Overlapping CUDA Cores and Tensor Cores

Hello, I am new to CUDA and I have a question regarding the overlap of CUDA Cores (for ALU/FMA) and Tensor Cores.

I have seen some posts suggesting that these two operations can be overlapped because they use different execution/hardware units. I am currently writing a CUDA program and I want to pipeline these operations in order to overlap them. Can you please guide me on how to figure out if they are actually overlapped or not? Any help would be greatly appreciated. Thank you.

Any help is appreciated, thank you so much!

It is possible to interleave CUDA Core (alu/fma) instructions with Tensor Core (mma) instructions; however, it is easier to have different warps on the SM sub-partition (warp scheduler) issuing CUDA Core instructions and a matrix multiply warp issuing the Tensor Core instructions. A single warp per sub-partition can be designed to reach 100% SOL of the Tensor Cores. See Cutlass documentation on Warp Specialization to understand this design pattern.

Thank you so much for the response! A few quick follow-up questions.

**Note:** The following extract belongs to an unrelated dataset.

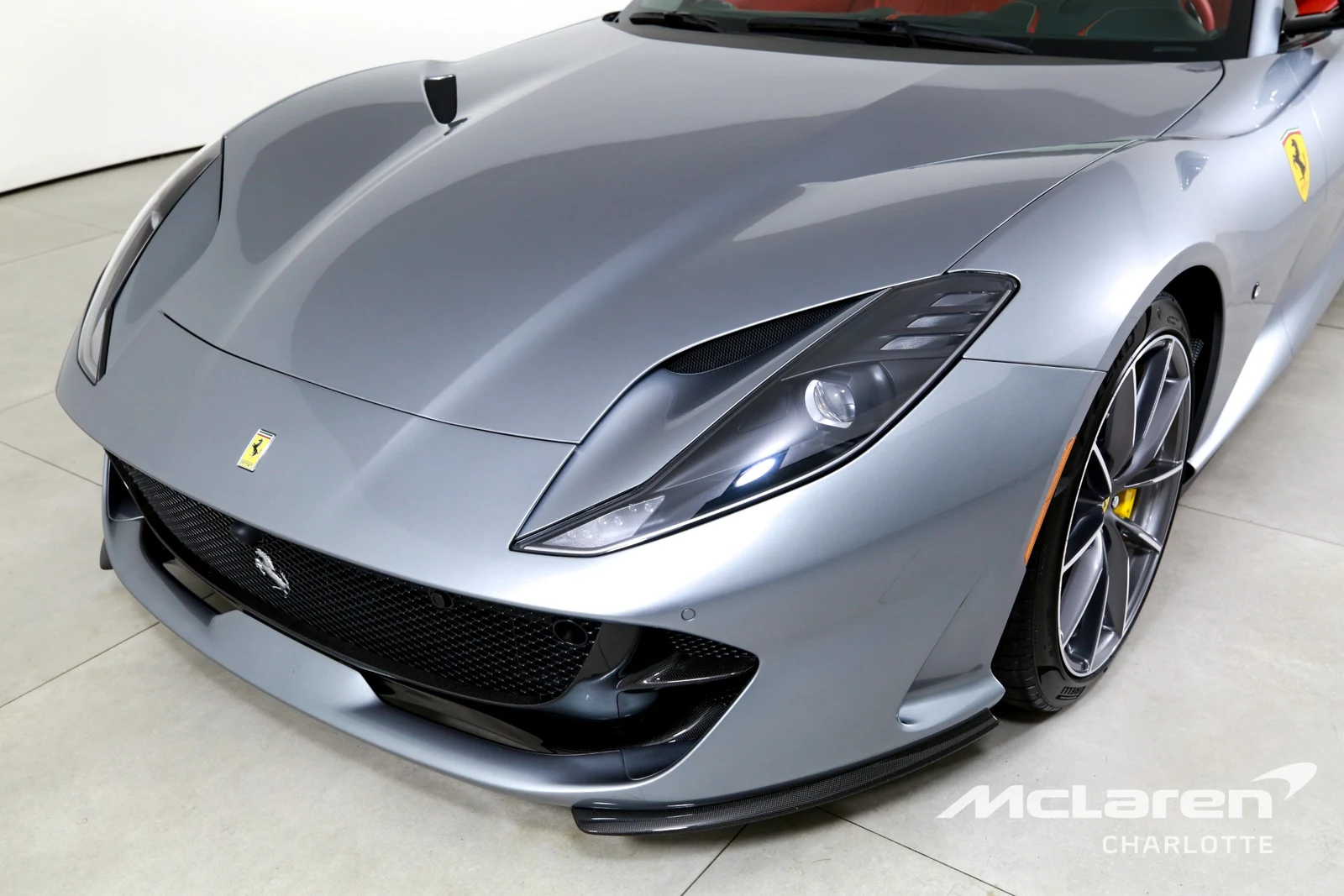 2022 Ferrari 812 GTS, 26/29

My use case first applies some pre-preprocessing (through CUDA cores) before sending them to Tensor Cores. The workload between these could be different (e.g., the former is cheaper in general). Would warp specialization still be a good strategy in this case?

More importantly though, I’m primarily targeting Ampere GPUs (at least, I want the code to be compatible with Ampere GPUs). AFAIK, Warp Specialization is for Hopper only?